C's type annotation system can be pretty unintuitive at first, at least compared to what most modern langauges do. this boils down to the following: most languages will directly state the type of the variable. x
is an int
, x
is a string[]
, x
is a Widget
. C, however, tells you what operations you need to apply to the variable to get the type specified. c
is an int
, *c
is a char
, c()
is a short
, *(*c[])()[]
is an unsigned long
. this is perfectly fine, and only strange in hindsight when almost eevery other language does the opposite.
the actual problem arises when we get to C++, a language which takes C and attempts to tack modern functionality onto it. most C code is supposed to run in C++, so C++ has the same basic syntax. the problem is, of course, that this basic syntax has holdovers that do not extend well. one prominent example is C++'s reference types.
C++'s reference types are an alternative to pointers that make them more restricted and better for many scenarios. the problem is that if c
is a reference to a short
, we can get this short
just by accessing c
; therefore, in the C typing system, we would annotate it as short c
. this will obviously not do, so C++ uses short &c
for reference types. the obvious problem is that &c
is not a short, breaking the rules of the system. rvalue references (which, after much reading, i still do not understand intuitively) use short &&c
, which makes even less sense.
another example is the new type alias syntax, which completely breaks the rules that C established.
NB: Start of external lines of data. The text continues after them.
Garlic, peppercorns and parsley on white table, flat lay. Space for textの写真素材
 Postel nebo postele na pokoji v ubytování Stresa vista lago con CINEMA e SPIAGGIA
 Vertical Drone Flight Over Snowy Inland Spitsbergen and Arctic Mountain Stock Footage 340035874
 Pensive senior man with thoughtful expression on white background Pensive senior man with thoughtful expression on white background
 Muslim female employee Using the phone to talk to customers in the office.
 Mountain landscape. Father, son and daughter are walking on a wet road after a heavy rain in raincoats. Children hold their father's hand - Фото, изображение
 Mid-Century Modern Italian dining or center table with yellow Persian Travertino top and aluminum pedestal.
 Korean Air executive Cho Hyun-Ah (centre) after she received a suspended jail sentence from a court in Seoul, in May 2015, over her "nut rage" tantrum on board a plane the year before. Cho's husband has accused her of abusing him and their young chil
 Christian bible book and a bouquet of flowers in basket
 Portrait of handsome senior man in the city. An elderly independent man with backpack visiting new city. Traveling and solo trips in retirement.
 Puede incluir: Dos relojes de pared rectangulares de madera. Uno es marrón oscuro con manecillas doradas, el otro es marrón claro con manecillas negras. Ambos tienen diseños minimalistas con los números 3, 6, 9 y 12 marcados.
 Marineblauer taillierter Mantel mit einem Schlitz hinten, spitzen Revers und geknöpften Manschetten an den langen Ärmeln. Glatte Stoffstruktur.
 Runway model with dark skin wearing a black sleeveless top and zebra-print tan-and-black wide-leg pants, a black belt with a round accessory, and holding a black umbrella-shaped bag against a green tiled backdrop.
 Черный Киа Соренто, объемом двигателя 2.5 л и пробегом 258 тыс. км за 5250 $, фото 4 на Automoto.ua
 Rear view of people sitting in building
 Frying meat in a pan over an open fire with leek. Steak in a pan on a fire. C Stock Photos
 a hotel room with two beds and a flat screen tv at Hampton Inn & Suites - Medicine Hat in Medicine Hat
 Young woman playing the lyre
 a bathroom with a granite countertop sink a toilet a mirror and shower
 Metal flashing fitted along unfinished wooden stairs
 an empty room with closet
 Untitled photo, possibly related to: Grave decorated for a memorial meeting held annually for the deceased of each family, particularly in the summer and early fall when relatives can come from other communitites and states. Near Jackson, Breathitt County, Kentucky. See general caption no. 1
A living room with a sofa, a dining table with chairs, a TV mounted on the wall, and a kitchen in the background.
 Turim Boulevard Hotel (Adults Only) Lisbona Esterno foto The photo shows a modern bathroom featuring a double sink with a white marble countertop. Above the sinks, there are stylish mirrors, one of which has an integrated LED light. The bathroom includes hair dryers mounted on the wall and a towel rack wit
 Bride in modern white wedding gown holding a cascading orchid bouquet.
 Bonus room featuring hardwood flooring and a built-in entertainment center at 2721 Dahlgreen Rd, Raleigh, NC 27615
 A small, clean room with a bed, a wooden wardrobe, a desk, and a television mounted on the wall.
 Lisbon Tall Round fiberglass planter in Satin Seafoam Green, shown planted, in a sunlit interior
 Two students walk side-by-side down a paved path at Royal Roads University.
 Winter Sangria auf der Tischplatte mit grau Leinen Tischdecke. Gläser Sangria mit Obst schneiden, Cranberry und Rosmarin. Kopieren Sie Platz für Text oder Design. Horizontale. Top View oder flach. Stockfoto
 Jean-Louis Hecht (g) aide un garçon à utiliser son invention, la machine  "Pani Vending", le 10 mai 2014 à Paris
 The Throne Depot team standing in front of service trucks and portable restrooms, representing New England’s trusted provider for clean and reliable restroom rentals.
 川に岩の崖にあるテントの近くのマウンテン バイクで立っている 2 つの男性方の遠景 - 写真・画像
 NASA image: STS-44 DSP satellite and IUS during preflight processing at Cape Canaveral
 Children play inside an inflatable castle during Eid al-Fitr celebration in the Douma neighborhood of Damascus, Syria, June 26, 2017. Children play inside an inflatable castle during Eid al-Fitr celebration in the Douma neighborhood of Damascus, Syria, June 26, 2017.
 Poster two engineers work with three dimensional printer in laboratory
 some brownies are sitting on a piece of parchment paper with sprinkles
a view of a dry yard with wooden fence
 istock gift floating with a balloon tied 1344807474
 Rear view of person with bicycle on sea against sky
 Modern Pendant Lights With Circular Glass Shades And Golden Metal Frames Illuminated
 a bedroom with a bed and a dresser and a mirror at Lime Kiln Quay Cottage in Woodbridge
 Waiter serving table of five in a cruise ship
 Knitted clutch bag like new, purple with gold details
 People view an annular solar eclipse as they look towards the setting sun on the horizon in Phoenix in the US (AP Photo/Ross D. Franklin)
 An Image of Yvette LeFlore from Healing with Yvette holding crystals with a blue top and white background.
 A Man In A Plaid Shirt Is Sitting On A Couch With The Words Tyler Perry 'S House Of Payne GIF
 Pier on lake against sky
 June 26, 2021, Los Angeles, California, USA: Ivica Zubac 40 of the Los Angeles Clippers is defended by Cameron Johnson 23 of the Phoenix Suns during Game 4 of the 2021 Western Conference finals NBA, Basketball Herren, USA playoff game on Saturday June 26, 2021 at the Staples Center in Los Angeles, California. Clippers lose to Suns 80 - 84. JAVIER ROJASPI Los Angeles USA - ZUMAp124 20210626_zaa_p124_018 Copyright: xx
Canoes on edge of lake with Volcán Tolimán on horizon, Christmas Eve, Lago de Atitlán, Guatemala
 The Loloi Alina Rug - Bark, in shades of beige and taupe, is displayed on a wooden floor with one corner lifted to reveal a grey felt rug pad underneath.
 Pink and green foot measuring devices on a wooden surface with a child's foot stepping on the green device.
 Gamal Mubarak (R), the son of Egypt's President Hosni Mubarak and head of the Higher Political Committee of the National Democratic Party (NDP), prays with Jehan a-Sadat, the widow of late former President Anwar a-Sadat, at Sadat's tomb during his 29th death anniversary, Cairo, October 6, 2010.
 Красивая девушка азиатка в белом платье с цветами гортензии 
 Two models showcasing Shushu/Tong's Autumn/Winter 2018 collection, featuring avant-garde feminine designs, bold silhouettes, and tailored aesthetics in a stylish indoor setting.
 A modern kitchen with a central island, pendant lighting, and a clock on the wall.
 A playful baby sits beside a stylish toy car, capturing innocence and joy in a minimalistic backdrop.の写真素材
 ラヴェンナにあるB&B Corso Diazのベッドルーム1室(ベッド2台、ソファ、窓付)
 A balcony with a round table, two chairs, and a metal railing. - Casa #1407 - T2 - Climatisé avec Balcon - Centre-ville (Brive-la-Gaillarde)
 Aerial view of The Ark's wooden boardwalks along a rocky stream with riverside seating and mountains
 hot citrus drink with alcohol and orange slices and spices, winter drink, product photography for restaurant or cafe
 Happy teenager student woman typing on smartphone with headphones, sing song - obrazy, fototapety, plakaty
C used typedef, which follows the same rules as variable type annotations. typedef short *(*t)()
means that, given a variable of type t
, a short can be accessed with that syntax. (in this case, it's a function pointer that returns a short *
.) the way we express this in C++ is using t = short *(*)()
, a nonsensical mess of asterisks and parentheses.
these examples show what i see as a fundamental problem with C++: it tries as hard as it can to C rules despite not being able to since the C rules weren't meant for modern paradigms. the result is a large pile of nonsense with deceptive syntax, albeit a very fast one.
moral: there is none i just thought it was neat. this used to say "use rust" but that's silly, C++ is prefectly usable and quite nice for certain applications, and even if the language is kinda bad it still does the things you want. (although rust is pretty cool! you should check it out!)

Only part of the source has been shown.